Exit Strategies for Real Estate Investors, Part 26 Buildings Inside Subchapter S Corporation

Case:

Karl Hendricks was a man with the golden touch. Throughout his life, it seemed every investment idea that he touched turned to gold. Karl's passion was real estate, and he was very successful in his investments.

Karl Hendricks is age 85, and owns a Subchapter S corporation named KarHend. Ten years ago, KarHend bought two commercial properties. One is valued at $7 million with an adjusted basis of $2 million. The second property is valued at $8 million with an adjusted basis of $2.5 million. Both properties are commercial buildings with a long-term tenant on a fixed payment lease. Karl's CPA has taken straight line depreciation on the properties.

KarHend has received multiple offers for the two commercial buildings, but has not entered into a sale contract. Karl believes it is a good time to sell, but knows there would be a large state and federal tax with his potential gain of $10.5 million.

Question:

Is there a way that Karl can sell the two properties and reduce his capital gains tax?

Solution:

Karl initially thought he might transfer his KarHend stock into a charitable remainder unitrust (CRT). However, his CPA informed Karl that while a charity is a permissible S corporation shareholder, a split-interest trust like a charitable remainder trust ("CRT") is not. Sec. 1361(e). If a CRT receives S corporation stock from a donor, the S corporation will be disqualified and reclassified as a C corporation. Such reclassification will likely be upsetting to the corporation's shareholders and will cause the corporation's income to be taxed twice (as is the case with all C corporations), once at the corporate level and once at the shareholder level. In addition, a charity might be hesitant to accept S corporation stock because the ownership of the stock may produce unrelated business taxable income.

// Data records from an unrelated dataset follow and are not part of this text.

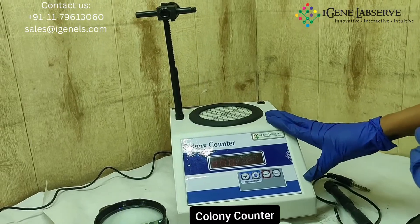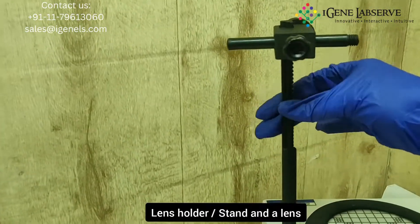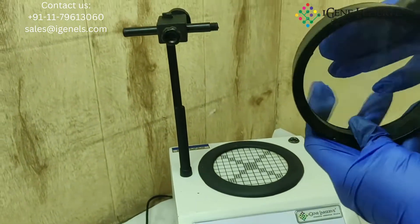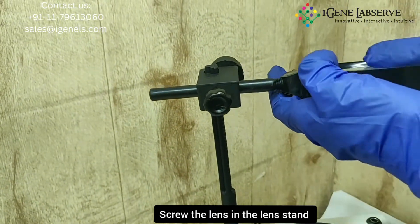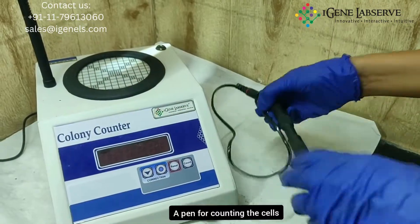This is the iGene colony counter. It comes with a lens holder, lens stand, and lens. You have to place the lens over here by screwing it into this rod.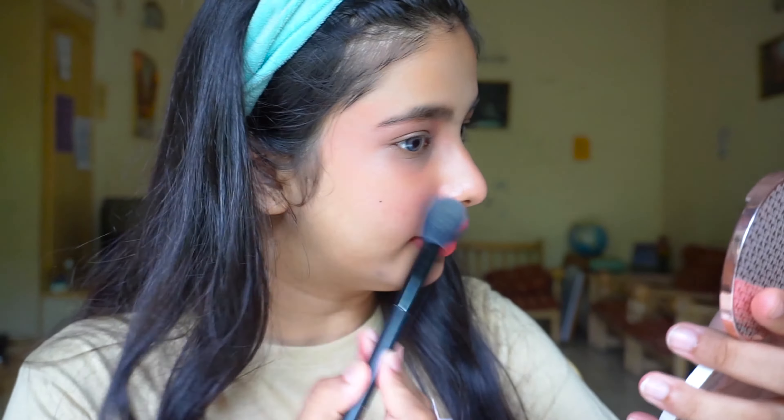Our last and final step is highlighter. This is the K-Beauty highlighter in the shade Frosted Ice — my always, always favorite. I either use this or MAC Soft and Gentle. See how wet it looks! We are officially done with our go-to makeup look.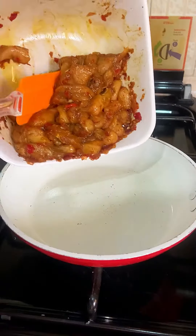I'm giving this a good mix and allowing it to marinate for an hour in the fridge. This is what we have after an hour. I'll proceed to cook this on low-medium heat for about 20 minutes until the chicken breast is well cooked and soft.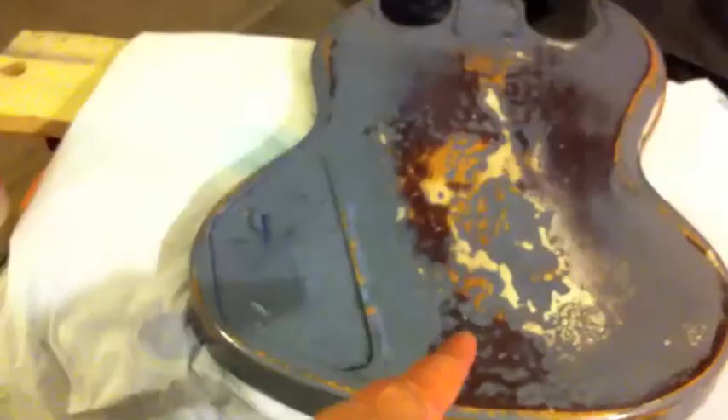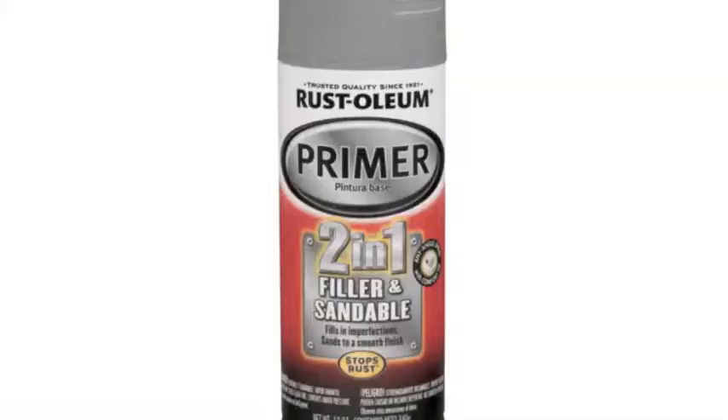This stuff would be the one, but if you want to just change the color, just sand it down with 350 grit, throw some primer on it, then sand the primer down to 400.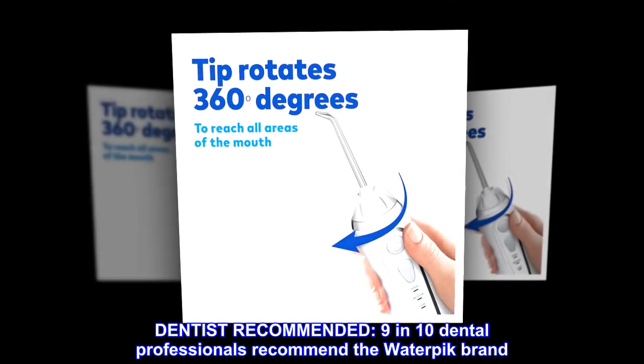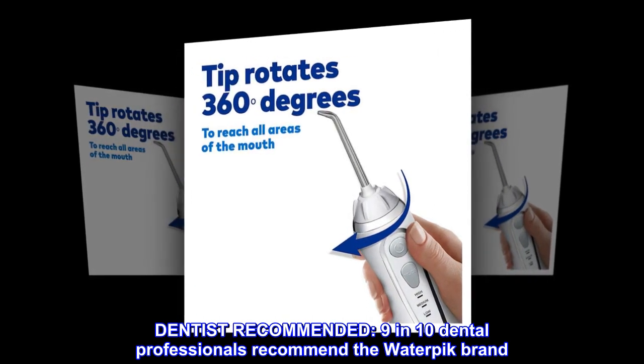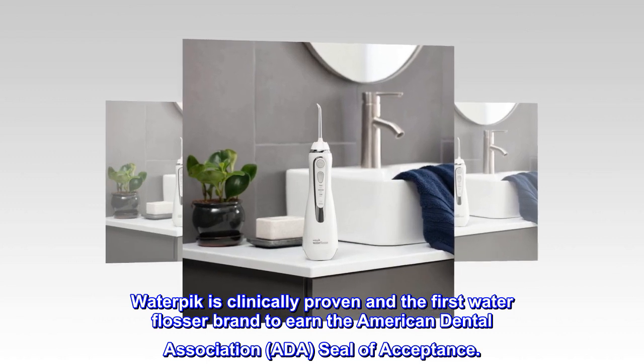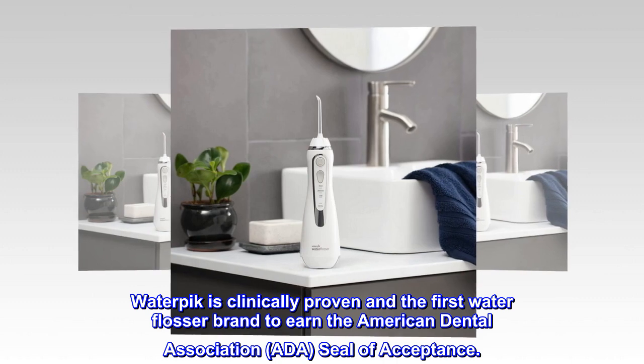Dentist recommended. 9 in 10 dental professionals recommend the Waterpik brand. Waterpik is clinically proven and the first water flosser brand to earn the American Dental Association (ADA) seal of acceptance.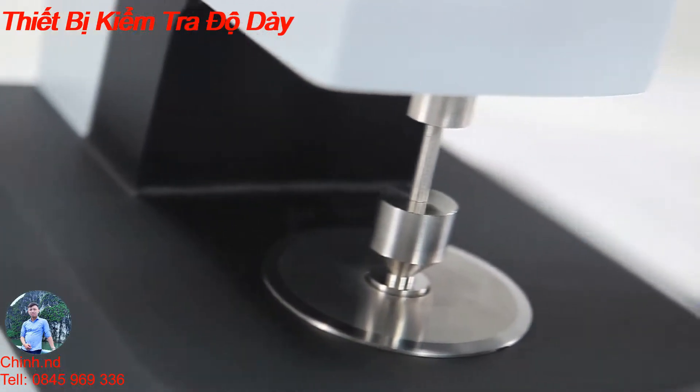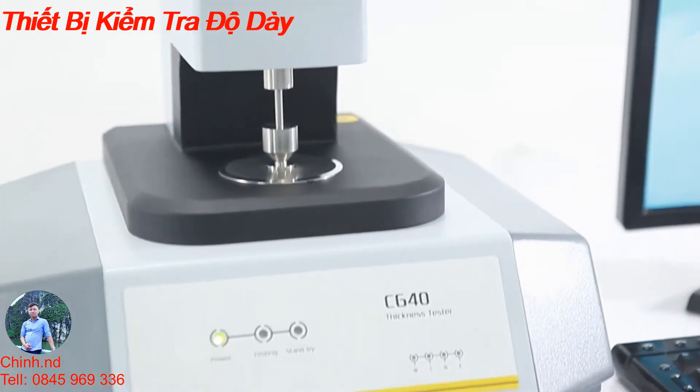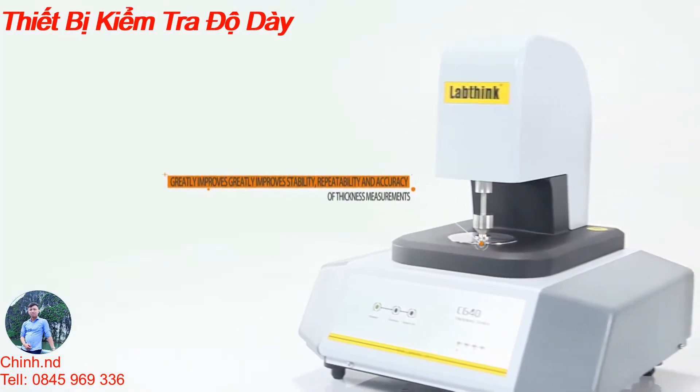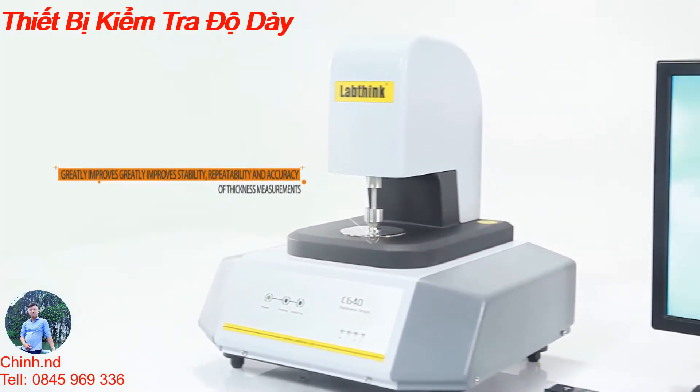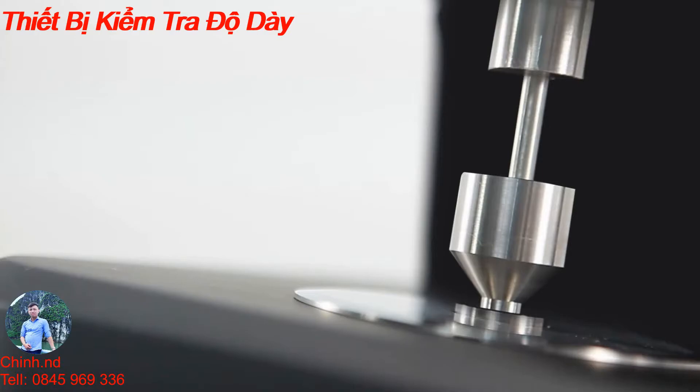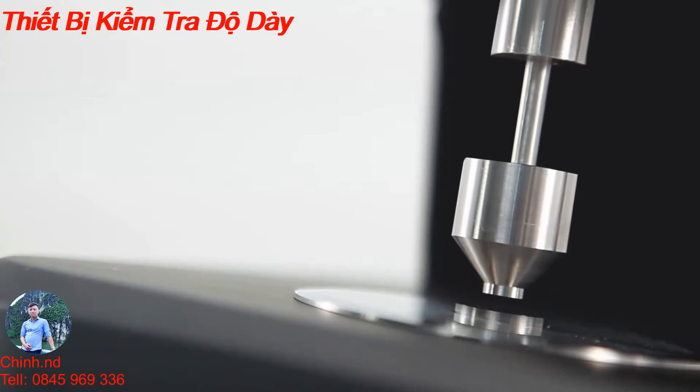The C640 thickness tester uses a high-precision displacement sensor supported by scientific structure and professional control technology, which greatly improves the stability, repeatability, and accuracy of thickness measurements. The pressure foot can be lifted and lowered automatically, which minimizes errors caused by human operation.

An asset sale within the S corporation is often a better strategy. This strategy avoids the outcome of the rules that require nonprofits to pay tax on S corporation income or sale proceeds. Rather than having a shareholder transfer S corporation stock to charity or a term of years CRT, the S corporation itself contributes assets to a term of 20 years CRT. Income from the CRT flows to KarHend and through to shareholder Karl for 20 years. KarHend receives a charitable deduction for the gift and this deduction "flows through" to S corporation shareholder Karl.

If an S corporation chooses to contribute assets to a charity or a CRT, it is important that the S corporation contribute less than substantially all of its assets. This is because a corporation that transfers all or substantially all of its assets to a charity or a CRT must recognize gain or loss as if it had sold the assets for their fair market value. Reg. 1.337(d)-4. In this instance, the benefits of transferring appreciated property to charity -- including the bypass of capital gain -- are lost and the contribution is treated as though it were one of cash.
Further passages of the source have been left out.